Ho avuto la fortuna di vivere la Thailandia, l’India e il Nepal e da ogni terra ho imparato moltissimo.
La Thailandia mi ha insegnato il rispetto per le spezie, l’uso delle radici, mi ha spiegato il difficile equilibrio tra il dolce e l’aspro che bilanciandosi scatenano sapori incredibili. Mi ha iniziato alla pazienza, alla lentezza e mi ha regalato il dolce ricordo del sapore del latte di cocco.
Qui ho compreso le radici del curry e le sue differenti preparazioni, a secco o in pasta, e la difficile arte dell’uso del coriandolo.
Non scorderò mai la sensazione di mangiare una zuppa bollente sotto il sole cocente della Thailandia.
Ho servito gli indiani in un Ashram condividendo le loro abitudini, i loro compiti e i loro pensieri. Durate il Navaratri, una festività lunga 9 giorni in cui è consentito mangiare una sola volta al giorno, in piatti di foglie, con le mani.

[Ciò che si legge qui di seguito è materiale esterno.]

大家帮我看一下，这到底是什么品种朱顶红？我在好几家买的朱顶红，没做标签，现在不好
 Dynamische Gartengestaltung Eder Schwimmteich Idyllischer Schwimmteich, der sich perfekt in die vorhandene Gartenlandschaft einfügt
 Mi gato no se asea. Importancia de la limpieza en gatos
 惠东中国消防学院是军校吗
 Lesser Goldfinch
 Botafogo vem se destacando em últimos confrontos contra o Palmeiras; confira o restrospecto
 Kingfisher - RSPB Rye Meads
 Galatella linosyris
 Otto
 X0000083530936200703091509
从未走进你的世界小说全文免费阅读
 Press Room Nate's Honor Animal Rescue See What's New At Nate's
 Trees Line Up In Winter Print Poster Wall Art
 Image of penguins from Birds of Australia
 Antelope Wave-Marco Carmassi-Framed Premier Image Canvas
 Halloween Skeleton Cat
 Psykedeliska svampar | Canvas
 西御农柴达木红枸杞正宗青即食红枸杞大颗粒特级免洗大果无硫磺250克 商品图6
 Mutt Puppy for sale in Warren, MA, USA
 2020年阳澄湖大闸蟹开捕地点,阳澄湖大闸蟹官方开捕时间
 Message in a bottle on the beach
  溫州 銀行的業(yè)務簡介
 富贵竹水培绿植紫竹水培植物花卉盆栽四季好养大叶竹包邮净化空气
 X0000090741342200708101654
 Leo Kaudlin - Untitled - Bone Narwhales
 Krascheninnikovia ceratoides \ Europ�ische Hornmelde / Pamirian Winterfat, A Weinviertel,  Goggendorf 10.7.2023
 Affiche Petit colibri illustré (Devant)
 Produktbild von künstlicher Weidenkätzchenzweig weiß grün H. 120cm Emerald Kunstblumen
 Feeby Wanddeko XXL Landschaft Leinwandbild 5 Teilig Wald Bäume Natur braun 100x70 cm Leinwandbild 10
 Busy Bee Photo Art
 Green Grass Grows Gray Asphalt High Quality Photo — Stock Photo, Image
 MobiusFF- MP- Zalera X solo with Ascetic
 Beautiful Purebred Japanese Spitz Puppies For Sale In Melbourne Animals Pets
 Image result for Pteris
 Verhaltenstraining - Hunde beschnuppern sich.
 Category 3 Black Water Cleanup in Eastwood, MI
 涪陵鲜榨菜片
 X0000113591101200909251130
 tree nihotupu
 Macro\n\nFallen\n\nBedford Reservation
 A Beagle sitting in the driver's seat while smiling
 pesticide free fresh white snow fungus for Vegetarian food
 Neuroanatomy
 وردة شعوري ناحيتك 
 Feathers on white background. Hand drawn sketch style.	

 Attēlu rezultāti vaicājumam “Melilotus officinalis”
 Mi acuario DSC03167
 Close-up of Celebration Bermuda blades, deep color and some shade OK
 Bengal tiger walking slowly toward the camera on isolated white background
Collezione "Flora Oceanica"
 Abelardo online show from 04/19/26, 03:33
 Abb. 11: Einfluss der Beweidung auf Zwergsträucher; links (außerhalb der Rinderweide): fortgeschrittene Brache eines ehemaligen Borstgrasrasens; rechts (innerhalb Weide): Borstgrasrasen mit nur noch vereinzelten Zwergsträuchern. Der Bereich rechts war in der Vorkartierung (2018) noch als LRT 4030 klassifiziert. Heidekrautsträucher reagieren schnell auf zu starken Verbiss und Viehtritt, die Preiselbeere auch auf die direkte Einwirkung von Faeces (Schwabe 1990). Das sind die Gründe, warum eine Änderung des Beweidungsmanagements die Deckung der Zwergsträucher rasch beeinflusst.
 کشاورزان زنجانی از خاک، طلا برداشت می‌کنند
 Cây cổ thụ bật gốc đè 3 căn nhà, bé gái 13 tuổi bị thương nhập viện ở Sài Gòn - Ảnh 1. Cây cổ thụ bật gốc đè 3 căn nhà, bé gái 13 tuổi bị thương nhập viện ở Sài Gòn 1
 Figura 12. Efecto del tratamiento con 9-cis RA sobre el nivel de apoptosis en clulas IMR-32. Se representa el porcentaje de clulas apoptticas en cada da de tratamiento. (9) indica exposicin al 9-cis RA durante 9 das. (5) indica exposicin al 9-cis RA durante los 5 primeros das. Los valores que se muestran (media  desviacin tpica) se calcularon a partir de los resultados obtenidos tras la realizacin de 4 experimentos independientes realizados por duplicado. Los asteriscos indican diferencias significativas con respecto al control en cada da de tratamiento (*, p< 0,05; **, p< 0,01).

Per l’occasione io e altri ragazzi italiani abbiamo preparato i panzerotti, adattando gli ingredienti necessari alle materie prime locali e impastato il Puri: frittelle di pane senza lievito preparate con farina integrale.
Per quel pasto comune la gente arrivava dai villaggi che costeggiano il Gange, sulle montagne che confinano con il Nepal e aspettava pazientemente il proprio turno: prima i religiosi, poi i bambini, le donne e quindi gli uomini.
Anche le scimmie grigie partecipano al banchetto: scendevano dai pendii rocciosi aspettando fiduciose i nostri avanzi.
Se penso al Nepal e ai suoi sconfinati orizzonti mi torna alla mente il sapore dei Momo: deliziosi ravioli tradizionali e diffusissimi a base di verdura e di carne che ogni madre cucina a modo suo accompagnando il ripieno al montone, o al pollo o alle patate con le note piccanti o agrodolci delle salse e con i sentori di aglio e di zenzero, di cumino e coriandolo che riempiono la stanza durante la cottura al vapore.